How to Read Donald Duck was written and published by Ediciones Universitarias de Valparaíso, belonging to the Pontifical Catholic University of Valparaíso, during the brief flowering of democratic socialism under the government of Salvador Allende and his Popular Unity coalition and is closely identified with the revolutionary politics of its era. In 1973, a coup d'état, secretly supported by the United States, brought in power the military dictatorship of Augusto Pinochet. During Pinochet's regime, How to Read Donald Duck was banned and subject to book burning; its authors were forced into exile.

Outside Chile, How to Read Donald Duck became the most widely printed political text in Latin America for some time. It was translated into English, French, German, Portuguese, Dutch, Italian, Greek, Turkish, Swedish, Finnish, Danish, Japanese, and Korean and sold some 700,000 copies overall; by 1993, it had been reprinted 32 times by the publisher Siglo Veintiuno Editores.

A hardcover edition with a new introduction by Dorfman was published by OR Books in the United States in October 2018.

== Reception ==
Thomas Andrae, who has written about Carl Barks, has criticized the thesis of Dorfman and Mattelart.

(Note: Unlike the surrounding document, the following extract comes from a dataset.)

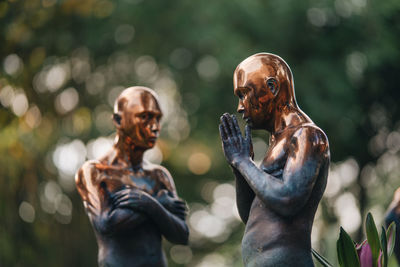 Close-up of female sculpture against blurred background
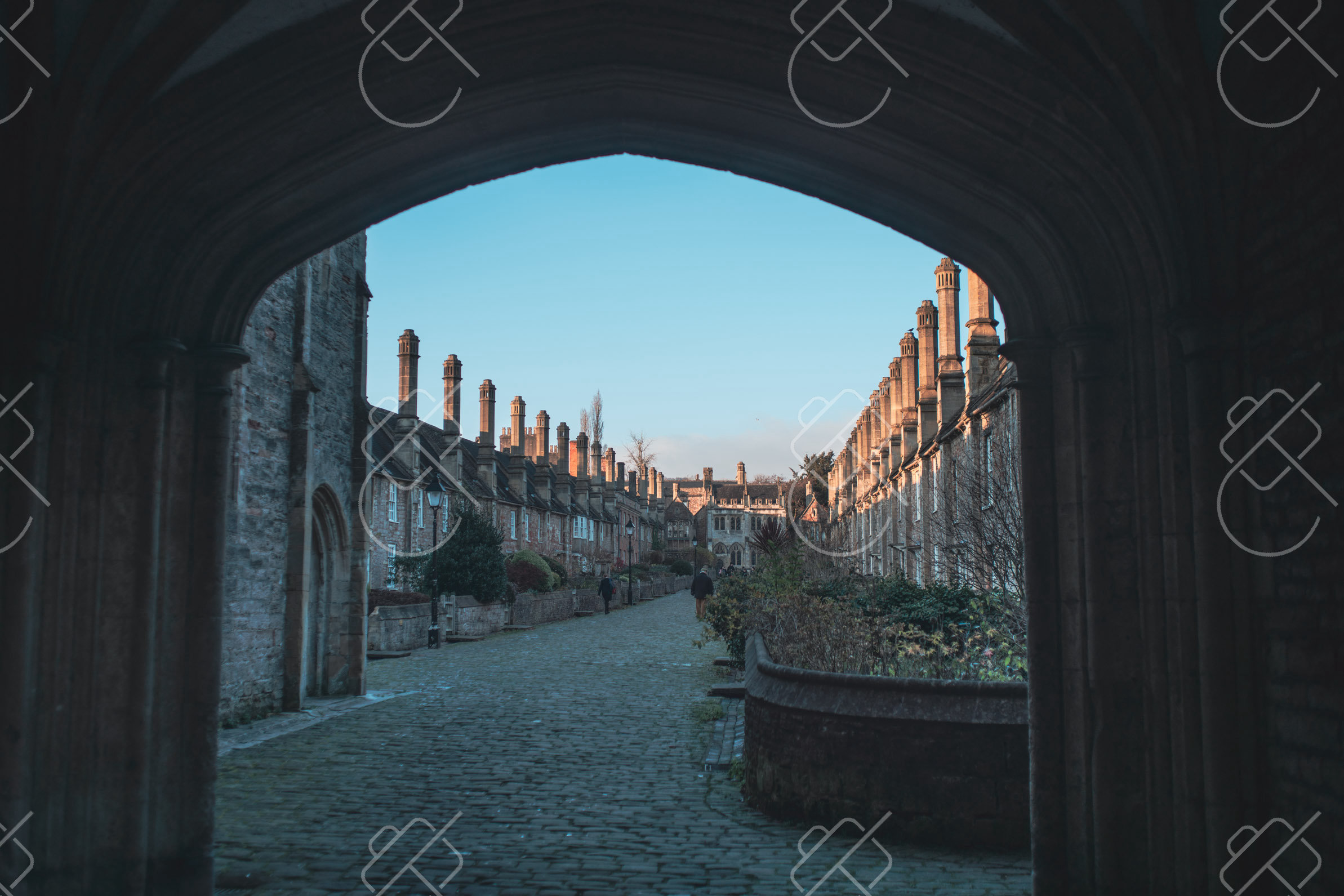 Vicars' Close and its row of tall chimneys, framed by the archway of the Chain Gate — Wells, fine art travel photography print available from Clever Tourists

Andrae writes that it is not true that Disney controlled the work of every cartoonist, and that cartoonists had almost completely free hands unlike those who worked in animation. According to Andrae, Carl Barks did not even know that his cartoons were read outside the United States in the 1950s. Lastly, he writes that Barks' cartoons include social criticism and even anti-capitalist and anti-imperialist references.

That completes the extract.